Además, había entrenado ese posible escenario, cientos de veces, siempre pensando: -Si me
llega a pasar: entregaré todo lo que tenga, porque todo lo material se puede reponer. Solo
la vida es irreemplazable. Y, según lo planeado, idealmente, me subyugué totalmente. Tal
vez, ese constante ejercicio mental me salvó la vida y puedo contar el cuento, además de
motivado para encontrar un sentido semiológico al inescrutable suceso.
Este asalto a mano armada, conforma una estructura simbólica como cualquier hecho
transgresor: utiliza la violencia como recurso primario (la pistola, los gritos y la
intimidación). Los ladrones representan signos evidentes de nuestra perversa realidad
social: existen delincuentes juveniles que así se ganan la vida, aunque pueden dañar a otros.
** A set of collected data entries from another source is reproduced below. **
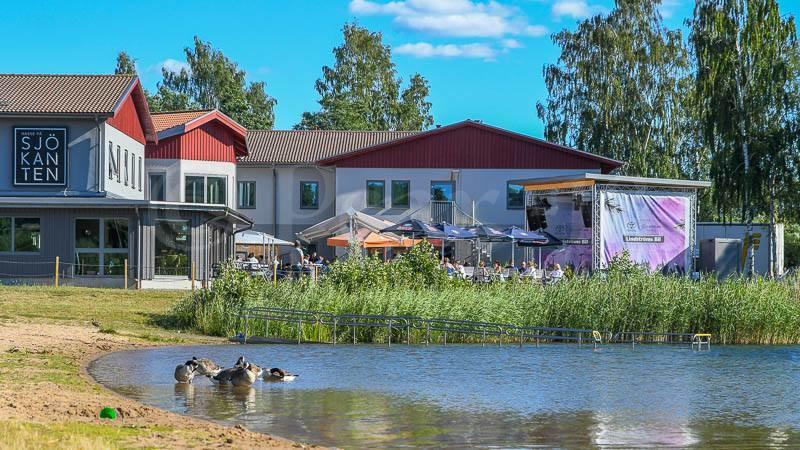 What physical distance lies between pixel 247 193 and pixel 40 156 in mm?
16889

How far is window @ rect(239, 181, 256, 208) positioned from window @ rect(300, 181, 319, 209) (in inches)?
92.8

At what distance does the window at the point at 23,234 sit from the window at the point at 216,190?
15.0m

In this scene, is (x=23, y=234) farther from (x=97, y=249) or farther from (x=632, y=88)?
(x=632, y=88)

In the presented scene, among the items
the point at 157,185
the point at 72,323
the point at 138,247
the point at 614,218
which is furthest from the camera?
the point at 157,185

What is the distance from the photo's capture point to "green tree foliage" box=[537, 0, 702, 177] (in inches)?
2562

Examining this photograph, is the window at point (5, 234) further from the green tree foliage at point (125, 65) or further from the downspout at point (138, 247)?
the green tree foliage at point (125, 65)

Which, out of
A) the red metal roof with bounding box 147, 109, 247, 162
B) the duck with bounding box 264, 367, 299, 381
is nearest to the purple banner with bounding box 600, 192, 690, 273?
the red metal roof with bounding box 147, 109, 247, 162

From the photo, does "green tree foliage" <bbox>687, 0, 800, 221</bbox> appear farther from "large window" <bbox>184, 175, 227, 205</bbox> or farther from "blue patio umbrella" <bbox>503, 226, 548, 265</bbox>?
"large window" <bbox>184, 175, 227, 205</bbox>

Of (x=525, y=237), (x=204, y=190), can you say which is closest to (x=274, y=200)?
(x=204, y=190)

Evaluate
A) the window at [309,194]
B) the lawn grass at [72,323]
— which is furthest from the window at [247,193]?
the lawn grass at [72,323]

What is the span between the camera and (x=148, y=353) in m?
23.3

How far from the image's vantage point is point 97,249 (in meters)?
40.4

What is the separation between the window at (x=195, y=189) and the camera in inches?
2148

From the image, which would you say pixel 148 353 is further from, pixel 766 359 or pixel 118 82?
pixel 118 82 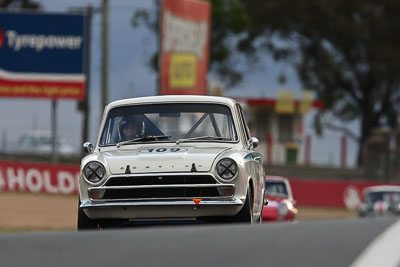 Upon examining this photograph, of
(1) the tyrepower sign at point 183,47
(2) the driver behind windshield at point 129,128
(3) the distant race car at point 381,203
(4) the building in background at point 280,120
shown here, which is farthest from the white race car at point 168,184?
(4) the building in background at point 280,120

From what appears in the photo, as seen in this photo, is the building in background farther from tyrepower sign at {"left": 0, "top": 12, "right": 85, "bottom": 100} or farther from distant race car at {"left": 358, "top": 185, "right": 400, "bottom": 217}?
distant race car at {"left": 358, "top": 185, "right": 400, "bottom": 217}

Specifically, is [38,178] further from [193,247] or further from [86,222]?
[193,247]

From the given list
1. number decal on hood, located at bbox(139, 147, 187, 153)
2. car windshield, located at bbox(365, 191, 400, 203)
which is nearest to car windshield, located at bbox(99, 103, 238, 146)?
number decal on hood, located at bbox(139, 147, 187, 153)

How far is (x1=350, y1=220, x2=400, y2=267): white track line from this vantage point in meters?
3.66

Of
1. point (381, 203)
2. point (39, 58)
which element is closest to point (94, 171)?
point (381, 203)

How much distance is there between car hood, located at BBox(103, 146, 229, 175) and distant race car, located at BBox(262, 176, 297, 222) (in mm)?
6599

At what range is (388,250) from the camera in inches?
152

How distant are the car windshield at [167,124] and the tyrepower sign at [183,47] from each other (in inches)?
1255

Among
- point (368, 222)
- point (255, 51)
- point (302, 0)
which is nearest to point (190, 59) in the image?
point (302, 0)

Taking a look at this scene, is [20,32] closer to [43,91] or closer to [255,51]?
[43,91]

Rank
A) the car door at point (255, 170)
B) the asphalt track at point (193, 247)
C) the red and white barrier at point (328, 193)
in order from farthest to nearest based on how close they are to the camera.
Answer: the red and white barrier at point (328, 193) → the car door at point (255, 170) → the asphalt track at point (193, 247)

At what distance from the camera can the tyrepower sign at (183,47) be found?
43.9 m

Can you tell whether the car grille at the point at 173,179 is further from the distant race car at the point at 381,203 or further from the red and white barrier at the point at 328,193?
the red and white barrier at the point at 328,193

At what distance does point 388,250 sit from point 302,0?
64.0 meters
Pero, existe. En este caso, solo alcanzaron a llevarse un celular viejito y 70 quetzales: un
magro botín que no ameritaba tremenda arma de fuego. Espero que lo recaudado haya sido
para medicinas o comprar leche infantil… ojalá para alimentar a una familia; y que no fuer
para drogarse o emborracharse.
Me consternó profundamente esta acción delictiva perpetrada por este joven. Como
maestro, me dio pesadumbre verlo con arma y no con un libro en mano. Afortunadamente,
salimos bien… sin un solo rasguño. No, como sucede con otras víctimas. Hace un par de
noches desperté de madrugada, escuchando como cascabaleaba, insistentemente, el gatillo
de aquella pistola plateada. Y volví a sentir aquella extraña secreción de adrenalina
salpicando mi cuerpo, lo cual significaba estar vivo.